Eine Software für Linux-User kann von der Homepage der Digitalen Bibliothek heruntergeladen werden.
Deutsche Geschichte
Die Digitale Bibliothek hat ihr ohnehin schon breites Angebot an elektronischen Werken zur Geschichte um die 10 grundlegenden Bände der »Deutschen Geschichte« aus dem Verlag Vandenhoeck & Ruprecht ergänzt. Diese Bände gehören seit Jahrzehnten zur studentischen Grundaustattung der meisten Historiker und decken die deutsche Geschichte von den Anfängen bis zum Jahr 1945 ab. Die CD-ROM enthält die vollständigen Texte aller Bände mit zusammen etwa 2.500 Buchseiten in den aktuellen, derzeit lieferbaren Auflagen zu einem unschlagbaren Preis.
Highlight der Buchreihe war und ist mit Sicherheit Band 9, Hans-Ulrich Wehlers »Das Deutsche Kaiserreich 1871–1918«, der für das historische Verständnis dieser Zeit Maßstäbe gesetzt hat:
Über zwei Jahrzehnte lang hieß es an historischen Seminaren deutscher Universitäten ehrführchtig nur ›das blaue Buch‹. Niemand, der sich auf akademische Weise mit neuerer deutscher Vergangenheit beschäftigen wollte, kam daran vorbei. […] Mit dem ›blauen Buch‹ vollzog Wehler den vielleicht folgenreichsten Paradigmenwechsel in der (alt-)bundesrepublikanischen Geschichtswissenschaft […].
Sven Felix Kellerhoff, Die Welt
Zu dem Preisvorteil von knapp 80,– € kommen die üblichen Vorteile von Ausgaben der Digitalen Bibliothek hinzu: Eine ausgereifte, professionelle Software, die Volltextsuche, Paste & Copy auch längerer Passagen (mit exakter Seitenreferenz zur gedruckten Ausgabe), Lesezeichen, farbliche Textmarkierungen, das Ablegen von Notizen und Ausdrucke in individueller Formatierung erlaubt; dies ermöglicht ein intensives und zeitsparendes Arbeiten mit den Texten. Zusätzlich verfügt die elektronische Ausgabe über ein Gesamtregister der in allen Bänden verwendeten Abkürzungen. Diese CD-ROM ist auch geeignet, um eventuell bereits vorhandene Einzelbände der Reihe zu ergänzen.
Deutsche Geschichte. Hg. v. Joachim Leuschner.
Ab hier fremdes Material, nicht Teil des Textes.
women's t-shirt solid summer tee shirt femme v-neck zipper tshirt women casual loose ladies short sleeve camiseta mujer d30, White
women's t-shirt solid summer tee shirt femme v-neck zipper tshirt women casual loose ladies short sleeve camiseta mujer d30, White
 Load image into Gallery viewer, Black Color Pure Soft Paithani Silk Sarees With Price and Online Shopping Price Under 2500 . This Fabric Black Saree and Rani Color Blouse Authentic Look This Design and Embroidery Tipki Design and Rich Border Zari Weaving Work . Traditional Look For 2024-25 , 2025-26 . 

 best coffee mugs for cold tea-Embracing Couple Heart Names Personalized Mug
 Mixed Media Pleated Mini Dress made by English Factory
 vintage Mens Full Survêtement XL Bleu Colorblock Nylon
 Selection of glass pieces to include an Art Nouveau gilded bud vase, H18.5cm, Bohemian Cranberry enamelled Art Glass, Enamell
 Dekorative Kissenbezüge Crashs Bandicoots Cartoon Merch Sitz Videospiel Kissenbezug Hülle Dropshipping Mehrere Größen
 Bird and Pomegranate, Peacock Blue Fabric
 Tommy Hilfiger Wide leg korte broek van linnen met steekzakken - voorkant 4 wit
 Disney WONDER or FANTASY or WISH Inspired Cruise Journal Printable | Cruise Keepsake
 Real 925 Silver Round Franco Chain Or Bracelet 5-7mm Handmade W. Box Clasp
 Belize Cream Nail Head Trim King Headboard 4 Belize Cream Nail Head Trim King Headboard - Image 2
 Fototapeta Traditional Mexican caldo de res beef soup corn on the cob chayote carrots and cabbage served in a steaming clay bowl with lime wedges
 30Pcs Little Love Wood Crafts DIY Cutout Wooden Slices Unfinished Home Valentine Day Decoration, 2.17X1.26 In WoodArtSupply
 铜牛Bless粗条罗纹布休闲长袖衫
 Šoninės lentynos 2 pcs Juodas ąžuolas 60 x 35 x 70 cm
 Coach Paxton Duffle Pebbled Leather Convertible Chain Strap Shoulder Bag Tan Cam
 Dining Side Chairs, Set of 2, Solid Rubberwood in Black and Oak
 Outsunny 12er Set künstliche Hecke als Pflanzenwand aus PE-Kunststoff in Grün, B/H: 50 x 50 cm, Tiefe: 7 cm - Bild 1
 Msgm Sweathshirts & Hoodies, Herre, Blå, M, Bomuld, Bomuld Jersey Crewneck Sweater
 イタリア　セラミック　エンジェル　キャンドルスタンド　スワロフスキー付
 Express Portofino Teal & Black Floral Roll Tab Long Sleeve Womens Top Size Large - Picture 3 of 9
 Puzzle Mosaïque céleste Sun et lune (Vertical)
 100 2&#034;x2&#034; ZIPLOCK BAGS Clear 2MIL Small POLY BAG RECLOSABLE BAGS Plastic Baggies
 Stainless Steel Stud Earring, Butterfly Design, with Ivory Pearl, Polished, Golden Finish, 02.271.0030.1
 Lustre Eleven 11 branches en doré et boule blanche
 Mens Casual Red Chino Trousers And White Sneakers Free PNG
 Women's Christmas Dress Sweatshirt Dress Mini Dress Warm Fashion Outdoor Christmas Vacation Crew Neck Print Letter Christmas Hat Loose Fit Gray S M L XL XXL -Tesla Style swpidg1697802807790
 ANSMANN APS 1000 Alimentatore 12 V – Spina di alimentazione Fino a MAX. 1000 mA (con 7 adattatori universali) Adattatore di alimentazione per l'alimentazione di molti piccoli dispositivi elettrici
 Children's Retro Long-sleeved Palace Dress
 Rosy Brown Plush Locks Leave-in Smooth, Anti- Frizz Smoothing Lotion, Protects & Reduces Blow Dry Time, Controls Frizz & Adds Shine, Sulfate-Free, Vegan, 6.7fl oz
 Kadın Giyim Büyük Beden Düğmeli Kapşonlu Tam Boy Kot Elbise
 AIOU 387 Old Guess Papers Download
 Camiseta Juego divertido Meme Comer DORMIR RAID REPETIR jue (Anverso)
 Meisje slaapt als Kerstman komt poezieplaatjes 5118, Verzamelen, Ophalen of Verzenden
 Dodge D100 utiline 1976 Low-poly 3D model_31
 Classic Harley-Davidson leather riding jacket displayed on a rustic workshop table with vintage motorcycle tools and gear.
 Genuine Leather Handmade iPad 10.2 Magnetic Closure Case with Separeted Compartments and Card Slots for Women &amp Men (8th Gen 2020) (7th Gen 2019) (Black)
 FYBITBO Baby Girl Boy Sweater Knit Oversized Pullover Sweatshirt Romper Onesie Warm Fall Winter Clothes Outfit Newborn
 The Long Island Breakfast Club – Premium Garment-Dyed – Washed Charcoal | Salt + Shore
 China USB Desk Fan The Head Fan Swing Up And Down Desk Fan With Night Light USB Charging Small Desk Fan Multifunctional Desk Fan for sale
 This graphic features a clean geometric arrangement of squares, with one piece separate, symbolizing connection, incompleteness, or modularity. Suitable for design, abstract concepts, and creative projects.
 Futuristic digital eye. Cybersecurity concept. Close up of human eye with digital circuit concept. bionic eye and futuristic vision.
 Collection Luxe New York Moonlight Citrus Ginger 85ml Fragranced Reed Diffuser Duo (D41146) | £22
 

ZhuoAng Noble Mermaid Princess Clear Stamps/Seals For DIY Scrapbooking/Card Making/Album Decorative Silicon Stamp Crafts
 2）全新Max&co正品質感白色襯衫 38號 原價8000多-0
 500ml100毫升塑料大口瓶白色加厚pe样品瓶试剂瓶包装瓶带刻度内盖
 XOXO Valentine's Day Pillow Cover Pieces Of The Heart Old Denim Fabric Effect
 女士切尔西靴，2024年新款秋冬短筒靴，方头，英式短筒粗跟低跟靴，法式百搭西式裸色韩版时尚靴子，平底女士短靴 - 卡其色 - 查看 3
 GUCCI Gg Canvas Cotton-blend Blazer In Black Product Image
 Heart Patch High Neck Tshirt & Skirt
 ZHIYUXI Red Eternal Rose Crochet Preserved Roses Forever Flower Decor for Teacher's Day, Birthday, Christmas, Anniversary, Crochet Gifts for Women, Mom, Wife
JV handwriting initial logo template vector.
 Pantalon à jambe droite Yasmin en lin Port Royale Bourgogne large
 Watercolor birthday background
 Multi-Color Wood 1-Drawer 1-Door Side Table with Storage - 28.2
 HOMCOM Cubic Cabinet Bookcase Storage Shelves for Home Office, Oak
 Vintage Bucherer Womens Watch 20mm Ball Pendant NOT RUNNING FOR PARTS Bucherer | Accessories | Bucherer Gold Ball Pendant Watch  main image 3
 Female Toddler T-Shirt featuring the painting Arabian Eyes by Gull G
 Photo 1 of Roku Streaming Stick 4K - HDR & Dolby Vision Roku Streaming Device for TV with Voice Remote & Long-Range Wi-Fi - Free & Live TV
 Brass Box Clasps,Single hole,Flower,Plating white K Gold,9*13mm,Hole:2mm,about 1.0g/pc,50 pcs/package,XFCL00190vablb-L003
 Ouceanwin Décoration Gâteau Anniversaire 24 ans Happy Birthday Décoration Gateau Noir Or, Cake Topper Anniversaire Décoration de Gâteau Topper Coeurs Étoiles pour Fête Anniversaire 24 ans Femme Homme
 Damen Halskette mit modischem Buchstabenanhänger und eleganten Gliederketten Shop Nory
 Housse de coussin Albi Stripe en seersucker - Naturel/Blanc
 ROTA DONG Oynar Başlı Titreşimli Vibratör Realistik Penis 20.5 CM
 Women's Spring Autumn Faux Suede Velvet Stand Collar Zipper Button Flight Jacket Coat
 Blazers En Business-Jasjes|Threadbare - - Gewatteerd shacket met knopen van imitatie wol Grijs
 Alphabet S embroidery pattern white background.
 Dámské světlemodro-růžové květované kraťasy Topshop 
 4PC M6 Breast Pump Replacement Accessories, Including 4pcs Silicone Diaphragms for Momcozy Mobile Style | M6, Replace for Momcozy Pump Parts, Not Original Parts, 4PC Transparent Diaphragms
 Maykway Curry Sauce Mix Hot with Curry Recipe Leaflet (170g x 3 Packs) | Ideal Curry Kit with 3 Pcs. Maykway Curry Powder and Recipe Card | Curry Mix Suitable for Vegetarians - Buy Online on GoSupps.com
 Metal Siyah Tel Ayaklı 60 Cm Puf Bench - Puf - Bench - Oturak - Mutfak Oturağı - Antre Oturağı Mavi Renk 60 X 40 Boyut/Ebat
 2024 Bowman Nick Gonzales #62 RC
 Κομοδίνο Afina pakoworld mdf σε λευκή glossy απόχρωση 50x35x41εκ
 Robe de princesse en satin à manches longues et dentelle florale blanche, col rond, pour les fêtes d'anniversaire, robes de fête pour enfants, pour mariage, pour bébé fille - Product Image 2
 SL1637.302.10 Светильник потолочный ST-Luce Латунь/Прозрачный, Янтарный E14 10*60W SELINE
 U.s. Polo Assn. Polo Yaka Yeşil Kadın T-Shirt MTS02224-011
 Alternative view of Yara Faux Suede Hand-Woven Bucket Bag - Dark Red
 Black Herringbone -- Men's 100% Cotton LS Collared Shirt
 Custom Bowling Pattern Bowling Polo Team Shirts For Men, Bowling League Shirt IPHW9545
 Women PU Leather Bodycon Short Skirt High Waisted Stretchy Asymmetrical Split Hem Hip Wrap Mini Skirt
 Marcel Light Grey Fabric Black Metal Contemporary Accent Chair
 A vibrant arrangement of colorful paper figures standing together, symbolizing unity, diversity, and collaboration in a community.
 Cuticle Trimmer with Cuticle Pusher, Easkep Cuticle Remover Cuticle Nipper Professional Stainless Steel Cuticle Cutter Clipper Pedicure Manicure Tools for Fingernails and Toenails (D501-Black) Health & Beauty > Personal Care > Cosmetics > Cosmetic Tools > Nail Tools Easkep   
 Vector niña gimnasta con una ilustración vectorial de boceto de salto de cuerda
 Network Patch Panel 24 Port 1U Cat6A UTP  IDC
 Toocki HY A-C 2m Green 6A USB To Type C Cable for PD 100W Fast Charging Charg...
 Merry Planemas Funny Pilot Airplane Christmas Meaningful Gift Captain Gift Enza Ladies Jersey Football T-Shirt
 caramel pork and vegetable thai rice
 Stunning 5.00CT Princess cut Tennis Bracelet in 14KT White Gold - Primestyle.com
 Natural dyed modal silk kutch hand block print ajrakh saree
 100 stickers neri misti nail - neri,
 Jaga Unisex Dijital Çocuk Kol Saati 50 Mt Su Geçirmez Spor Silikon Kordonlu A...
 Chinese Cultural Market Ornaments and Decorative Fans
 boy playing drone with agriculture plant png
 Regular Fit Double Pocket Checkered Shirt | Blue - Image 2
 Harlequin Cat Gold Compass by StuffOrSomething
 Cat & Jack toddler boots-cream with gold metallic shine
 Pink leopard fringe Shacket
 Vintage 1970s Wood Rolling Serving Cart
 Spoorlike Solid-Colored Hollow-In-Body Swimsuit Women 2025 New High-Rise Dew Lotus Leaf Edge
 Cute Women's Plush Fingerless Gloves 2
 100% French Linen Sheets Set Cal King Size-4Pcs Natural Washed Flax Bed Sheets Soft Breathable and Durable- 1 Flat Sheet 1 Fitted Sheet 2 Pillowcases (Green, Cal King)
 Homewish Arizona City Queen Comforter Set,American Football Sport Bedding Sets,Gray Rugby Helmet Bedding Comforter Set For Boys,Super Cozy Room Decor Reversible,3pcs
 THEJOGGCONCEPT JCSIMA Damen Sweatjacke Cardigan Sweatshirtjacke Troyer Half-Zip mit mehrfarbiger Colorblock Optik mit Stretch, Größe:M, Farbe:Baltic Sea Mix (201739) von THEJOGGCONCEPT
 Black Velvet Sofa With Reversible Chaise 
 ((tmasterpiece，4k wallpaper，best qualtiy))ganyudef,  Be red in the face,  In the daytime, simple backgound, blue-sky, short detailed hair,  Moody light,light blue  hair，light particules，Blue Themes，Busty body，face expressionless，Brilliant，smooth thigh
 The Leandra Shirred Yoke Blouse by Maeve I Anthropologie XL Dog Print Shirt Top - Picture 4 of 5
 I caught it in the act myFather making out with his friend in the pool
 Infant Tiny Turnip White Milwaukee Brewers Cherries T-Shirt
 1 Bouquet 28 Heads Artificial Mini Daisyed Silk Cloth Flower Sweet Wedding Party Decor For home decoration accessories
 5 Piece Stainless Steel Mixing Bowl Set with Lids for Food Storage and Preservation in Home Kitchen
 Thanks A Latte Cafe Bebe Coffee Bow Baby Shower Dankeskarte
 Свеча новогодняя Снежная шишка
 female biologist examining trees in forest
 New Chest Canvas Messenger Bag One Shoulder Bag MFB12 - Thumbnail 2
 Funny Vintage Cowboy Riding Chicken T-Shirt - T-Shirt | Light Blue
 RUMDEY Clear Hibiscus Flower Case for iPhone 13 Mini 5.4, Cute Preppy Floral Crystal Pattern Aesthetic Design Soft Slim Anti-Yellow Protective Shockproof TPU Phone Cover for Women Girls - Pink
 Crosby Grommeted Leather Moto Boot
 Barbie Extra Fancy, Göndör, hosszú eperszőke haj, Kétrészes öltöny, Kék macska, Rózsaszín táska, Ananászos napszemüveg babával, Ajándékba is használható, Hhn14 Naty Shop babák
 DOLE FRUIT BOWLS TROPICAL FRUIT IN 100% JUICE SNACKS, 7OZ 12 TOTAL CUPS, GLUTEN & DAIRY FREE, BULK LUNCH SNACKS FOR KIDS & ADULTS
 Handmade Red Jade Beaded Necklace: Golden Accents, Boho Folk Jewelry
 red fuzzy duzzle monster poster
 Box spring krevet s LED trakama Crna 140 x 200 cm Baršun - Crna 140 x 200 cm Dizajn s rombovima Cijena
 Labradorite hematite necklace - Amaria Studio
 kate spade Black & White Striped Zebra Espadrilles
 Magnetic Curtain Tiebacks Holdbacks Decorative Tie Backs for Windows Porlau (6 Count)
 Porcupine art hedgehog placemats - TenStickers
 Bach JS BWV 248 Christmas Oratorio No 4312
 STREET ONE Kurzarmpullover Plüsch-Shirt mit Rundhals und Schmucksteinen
Digitale Bibliothek Band 151. Berlin: Directmedia Publishing in Kooperation mit Vandenhoeck & Ruprecht, 2006. 1 CD-ROM. Systemvoraussetzungen: PC ab 486; 32 MB RAM; Grafikkarte ab 640×480 Pixel, 256 Farben; CD-ROM-Laufwerk; MS Windows (98, ME, NT, 2000 oder XP) oder MAC ab MacOS 10.3; 128 MB RAM; CD-ROM-Laufwerk. Empfohlener Verkaufspreis: 30,– €.
Eine Software für Linux-User kann von der Homepage der Digitalen Bibliothek heruntergeladen werden.